It is also increasingly well known as the home of the UK Phenology Network, which records the timing of natural events, such as the appearance of the first frogspawn, the first oak leaf or the first swallow in the spring. Much of the BBC's hugely successful Springwatch television programme last year was based on it.
Both of these giant databases are increasingly important in detecting signs of climate change, as in a warmer world wild creatures are moving northwards, and natural events, such as the coming into leaf of oak trees, are happening earlier. Much other work at Monk's Wood includes the study and monitoring of invasive species such as the harlequin ladybird from Asia, recently established in Britain and now regarded as the most serious threat that Britain's native ladybirds have ever faced.
Dorset is Britain's wildlife "hotspot", with more species of wild plants and insects than anywhere else in the country and the research station at Winfrith takes full advantage of that fact. Two years ago, a team headed by its senior scientist, Jeremy Thomas, produced a paper that made headlines around the world.
Through a groundbreaking study of rates of decline among British birds, butterflies and wild flowers, it provided the strongest evidence yet that we are on the verge of a mass extinction of global wildlife - the sixth mass extinction in the history of life on Earth. (The point is that while the first five mass extinctions were caused by cataclysmic events, such as the comet or meteor believed to have wiped out the dinosaurs 65 million years ago, the sixth is being caused by man.)
The paper by Dr Thomas and his team of scientists showed that nearly a third of native British plants have significantly decreased their numbers in 40 years, more than half of native birds have declined in just two decades and nearly three-quarters of British butterflies have fallen in numbers in 20 years. Some butterfly species, such as the small pearl-bordered fritillary (above), have virtually disappeared.
Banchory, near Aberdeen
One of the most alarming signs of the devastating effect global warming may have upon wildlife occurred in the summer of 2004 when, out of the blue, hundreds of thousands of seabirds in the northern isles, Orkney and Shetland, failed to produce any young. The spectacular breeding failure of huge numbers of guillemots, kittiwakes, puffins and other species is thought to be directly related to global warming, because rising sea temperature may induce the fish species they depend on, sandeels, to move further north.

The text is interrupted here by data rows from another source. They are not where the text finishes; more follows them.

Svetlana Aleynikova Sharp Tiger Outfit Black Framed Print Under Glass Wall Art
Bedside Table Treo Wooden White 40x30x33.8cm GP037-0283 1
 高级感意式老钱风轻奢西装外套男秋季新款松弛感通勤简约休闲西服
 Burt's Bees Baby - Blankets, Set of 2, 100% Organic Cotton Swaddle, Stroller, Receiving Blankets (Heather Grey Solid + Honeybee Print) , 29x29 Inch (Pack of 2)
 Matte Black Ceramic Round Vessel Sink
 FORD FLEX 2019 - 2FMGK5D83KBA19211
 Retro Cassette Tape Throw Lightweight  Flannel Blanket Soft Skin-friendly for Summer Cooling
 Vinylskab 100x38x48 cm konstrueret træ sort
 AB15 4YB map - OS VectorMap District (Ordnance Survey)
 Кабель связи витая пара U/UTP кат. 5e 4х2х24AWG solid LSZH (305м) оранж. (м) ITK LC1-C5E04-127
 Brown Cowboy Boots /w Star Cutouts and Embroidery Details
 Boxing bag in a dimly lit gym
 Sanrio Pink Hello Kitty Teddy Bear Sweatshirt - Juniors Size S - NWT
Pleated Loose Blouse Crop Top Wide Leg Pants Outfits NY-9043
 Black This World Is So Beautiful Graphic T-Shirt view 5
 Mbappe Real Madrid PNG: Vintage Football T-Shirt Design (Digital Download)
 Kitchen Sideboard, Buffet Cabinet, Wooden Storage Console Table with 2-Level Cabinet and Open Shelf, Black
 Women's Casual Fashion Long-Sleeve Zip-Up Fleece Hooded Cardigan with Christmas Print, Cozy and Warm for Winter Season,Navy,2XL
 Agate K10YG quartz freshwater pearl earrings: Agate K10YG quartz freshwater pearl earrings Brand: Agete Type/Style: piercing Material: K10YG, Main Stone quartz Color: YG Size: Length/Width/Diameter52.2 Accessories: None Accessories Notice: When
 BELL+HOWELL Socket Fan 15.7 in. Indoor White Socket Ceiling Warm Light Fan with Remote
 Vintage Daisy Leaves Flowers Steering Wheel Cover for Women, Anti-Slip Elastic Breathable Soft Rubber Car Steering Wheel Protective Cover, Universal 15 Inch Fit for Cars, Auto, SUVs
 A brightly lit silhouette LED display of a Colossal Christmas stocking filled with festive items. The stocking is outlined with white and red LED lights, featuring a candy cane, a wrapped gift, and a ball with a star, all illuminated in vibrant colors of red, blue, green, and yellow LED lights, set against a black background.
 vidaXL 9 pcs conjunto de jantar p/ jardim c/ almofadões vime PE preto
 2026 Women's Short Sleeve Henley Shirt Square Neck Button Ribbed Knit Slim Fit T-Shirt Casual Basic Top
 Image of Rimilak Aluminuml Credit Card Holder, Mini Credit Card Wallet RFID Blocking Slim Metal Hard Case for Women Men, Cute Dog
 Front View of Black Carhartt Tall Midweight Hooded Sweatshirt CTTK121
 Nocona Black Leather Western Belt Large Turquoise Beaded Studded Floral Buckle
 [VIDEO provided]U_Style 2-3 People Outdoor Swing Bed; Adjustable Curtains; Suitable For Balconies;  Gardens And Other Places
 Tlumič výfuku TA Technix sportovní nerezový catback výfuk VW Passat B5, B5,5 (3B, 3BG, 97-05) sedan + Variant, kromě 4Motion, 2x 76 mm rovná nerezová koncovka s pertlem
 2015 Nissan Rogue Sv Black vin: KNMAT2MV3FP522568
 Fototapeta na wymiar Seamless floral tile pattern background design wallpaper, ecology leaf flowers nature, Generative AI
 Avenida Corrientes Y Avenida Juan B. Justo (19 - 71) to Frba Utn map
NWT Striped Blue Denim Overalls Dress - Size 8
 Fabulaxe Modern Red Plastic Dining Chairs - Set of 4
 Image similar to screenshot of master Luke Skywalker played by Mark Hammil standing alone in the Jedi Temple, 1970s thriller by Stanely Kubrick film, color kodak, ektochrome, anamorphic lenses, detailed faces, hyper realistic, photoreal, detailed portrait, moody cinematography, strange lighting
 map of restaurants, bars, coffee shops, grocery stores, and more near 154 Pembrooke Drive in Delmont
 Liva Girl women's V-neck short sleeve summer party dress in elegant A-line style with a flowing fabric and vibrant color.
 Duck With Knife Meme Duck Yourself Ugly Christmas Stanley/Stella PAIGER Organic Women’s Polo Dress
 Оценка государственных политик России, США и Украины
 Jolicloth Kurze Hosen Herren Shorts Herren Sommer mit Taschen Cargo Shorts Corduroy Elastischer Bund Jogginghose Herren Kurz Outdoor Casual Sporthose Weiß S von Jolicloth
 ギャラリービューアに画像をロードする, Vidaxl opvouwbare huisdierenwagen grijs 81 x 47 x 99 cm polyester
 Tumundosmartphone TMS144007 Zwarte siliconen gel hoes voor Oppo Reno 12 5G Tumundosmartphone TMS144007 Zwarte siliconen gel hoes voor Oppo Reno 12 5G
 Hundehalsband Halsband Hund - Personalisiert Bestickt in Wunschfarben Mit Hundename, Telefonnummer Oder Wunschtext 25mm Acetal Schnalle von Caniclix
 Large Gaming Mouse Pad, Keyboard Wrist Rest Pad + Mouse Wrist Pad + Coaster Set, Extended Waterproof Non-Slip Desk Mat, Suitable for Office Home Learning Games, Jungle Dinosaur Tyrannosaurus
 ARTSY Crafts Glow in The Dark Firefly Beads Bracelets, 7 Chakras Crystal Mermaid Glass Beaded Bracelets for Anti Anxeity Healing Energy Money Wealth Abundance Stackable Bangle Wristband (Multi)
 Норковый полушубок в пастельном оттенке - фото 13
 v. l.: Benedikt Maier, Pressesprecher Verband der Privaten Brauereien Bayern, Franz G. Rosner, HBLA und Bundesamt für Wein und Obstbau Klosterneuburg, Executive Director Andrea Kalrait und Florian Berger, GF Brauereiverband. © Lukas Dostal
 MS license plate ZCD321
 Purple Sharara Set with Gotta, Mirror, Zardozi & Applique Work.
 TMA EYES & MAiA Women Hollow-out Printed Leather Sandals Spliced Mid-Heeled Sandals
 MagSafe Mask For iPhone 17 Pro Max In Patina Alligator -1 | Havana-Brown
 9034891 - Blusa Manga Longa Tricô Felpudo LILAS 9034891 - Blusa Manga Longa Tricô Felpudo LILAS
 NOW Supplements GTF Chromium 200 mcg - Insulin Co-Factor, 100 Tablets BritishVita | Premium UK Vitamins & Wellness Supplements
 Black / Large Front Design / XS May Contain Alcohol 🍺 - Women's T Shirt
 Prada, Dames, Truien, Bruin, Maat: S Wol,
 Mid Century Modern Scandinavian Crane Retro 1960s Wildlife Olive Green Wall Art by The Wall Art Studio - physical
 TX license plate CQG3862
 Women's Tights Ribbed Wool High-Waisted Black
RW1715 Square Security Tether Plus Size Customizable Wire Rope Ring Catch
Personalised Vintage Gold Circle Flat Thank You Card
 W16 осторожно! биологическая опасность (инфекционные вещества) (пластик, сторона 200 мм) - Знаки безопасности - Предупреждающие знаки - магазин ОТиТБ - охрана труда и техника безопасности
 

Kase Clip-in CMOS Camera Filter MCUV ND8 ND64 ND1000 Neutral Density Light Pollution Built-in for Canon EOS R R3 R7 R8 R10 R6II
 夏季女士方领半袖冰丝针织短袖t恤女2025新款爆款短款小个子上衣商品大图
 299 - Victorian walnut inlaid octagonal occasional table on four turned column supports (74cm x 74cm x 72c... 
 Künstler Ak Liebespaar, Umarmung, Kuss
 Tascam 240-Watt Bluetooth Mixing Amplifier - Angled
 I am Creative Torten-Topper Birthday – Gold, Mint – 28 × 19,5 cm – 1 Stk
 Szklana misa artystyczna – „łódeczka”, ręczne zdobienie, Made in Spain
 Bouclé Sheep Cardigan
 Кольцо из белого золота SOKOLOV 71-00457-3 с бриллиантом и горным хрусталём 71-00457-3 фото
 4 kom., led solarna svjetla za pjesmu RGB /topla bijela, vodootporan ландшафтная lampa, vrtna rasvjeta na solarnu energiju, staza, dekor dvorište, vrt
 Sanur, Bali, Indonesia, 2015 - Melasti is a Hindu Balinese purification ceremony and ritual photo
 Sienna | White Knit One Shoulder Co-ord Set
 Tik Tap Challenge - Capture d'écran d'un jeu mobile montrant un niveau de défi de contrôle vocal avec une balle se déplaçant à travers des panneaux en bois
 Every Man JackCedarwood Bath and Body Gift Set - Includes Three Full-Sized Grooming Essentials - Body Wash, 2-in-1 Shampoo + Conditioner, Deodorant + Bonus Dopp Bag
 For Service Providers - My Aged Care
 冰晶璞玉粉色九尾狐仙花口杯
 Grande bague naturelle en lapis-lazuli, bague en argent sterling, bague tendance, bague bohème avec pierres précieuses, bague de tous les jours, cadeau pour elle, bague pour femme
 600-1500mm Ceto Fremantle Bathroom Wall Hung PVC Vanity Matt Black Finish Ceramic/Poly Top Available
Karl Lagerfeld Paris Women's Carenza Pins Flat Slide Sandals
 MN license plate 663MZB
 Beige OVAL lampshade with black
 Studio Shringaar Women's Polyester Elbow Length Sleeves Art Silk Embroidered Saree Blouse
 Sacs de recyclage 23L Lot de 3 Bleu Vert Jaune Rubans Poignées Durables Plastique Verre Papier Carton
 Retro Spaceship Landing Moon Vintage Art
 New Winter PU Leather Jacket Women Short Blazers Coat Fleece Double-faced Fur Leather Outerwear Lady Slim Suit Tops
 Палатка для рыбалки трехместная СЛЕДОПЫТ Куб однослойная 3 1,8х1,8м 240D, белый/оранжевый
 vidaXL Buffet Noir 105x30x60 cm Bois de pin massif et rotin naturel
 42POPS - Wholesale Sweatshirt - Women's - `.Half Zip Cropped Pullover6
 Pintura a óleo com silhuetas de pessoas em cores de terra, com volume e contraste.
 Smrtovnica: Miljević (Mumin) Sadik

Banchory's Sarah Wanless is now leading a team closely monitoring seabird breeding success and investigating the possibility that climate change may be fatal to some of our best-loved coastal species. Other Banchory scientists are looking closely at more Scottish wildlife, including red deer and red grouse.
The centre's Steve Redpath has helped to illustrate a key conservation problem - that hen harriers, the majestic bird of prey, cannot successfully coexist with an economically-managed grouse moor (because there is a surplus of grouse every year that is large enough for grouse shooters, or large enough for a hen harrier population to raise its chicks - but not large enough for both).